MERAHPUTIH.COM - BADAN Penyelenggaraan Jaminan Produk Halal (BPJPH) memastikan setiap produk Amerika Serikat (AS) yang masuk Indonesia tetap wajib memiliki label halal. Oleh karena itu, masyarakat diminta tidak khawatir dengan produk dari AS yang akan masuk ke Indonesia.
"Tidak benar informasi yang beredar di masyarakat bahwa produk Amerika masuk ke Indonesia tidak perlu label halal. Tidak benar," kata Kepala BPJPH Ahmad Haikal Hasan atau yang akrab disapa Babe Haikal, dikutip Selasa (24/2).

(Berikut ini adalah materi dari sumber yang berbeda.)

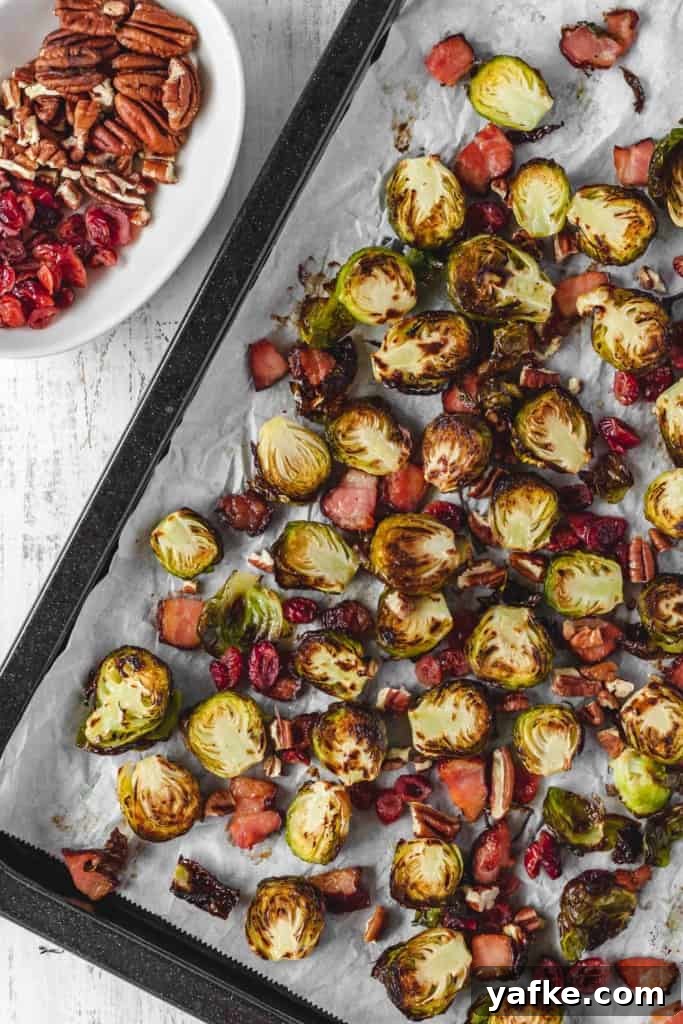 Roasted Brussels Sprouts with Bacon, Cranberries and Pecans 3 Oven-roasted brussels sprouts with crispy bacon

Babe Haikal meminta masyarakat tidak khawatir terkait dengan label halal ini. Ia memastikan sertifikasi halal tidak ada yang dilanggar. Pemerintah amat serius dan transparan. "Jangan khawatir, untuk urusan halal, enggak ada hal yang dirahasiakan, enggak ada yang diumpet-umpetin. Tidak ada yang dilanggar," tegasnya.
Baca juga:
Kesepakatan Dagang Indonesia - AS Disorot, MUI Ingatkan Kewajiban Sertifikasi Halal
Sejak 1974, AS juga sudah punya regulasi yang ketat terkait dengan produk halal. AS bahkan punya lembaga halal tersendiri yang sudah tepercaya. Ia mencontohkan Amerika sudah memiliki badan halal seperti Halal Transaction of Omaha (HTO) atau Islamic Food and Nutrition Council of America (IFANCA). Lembaga-lembaga itu sudah diakui dan bekerja sama dengan banyak negara, termasuk dengan Indonesia.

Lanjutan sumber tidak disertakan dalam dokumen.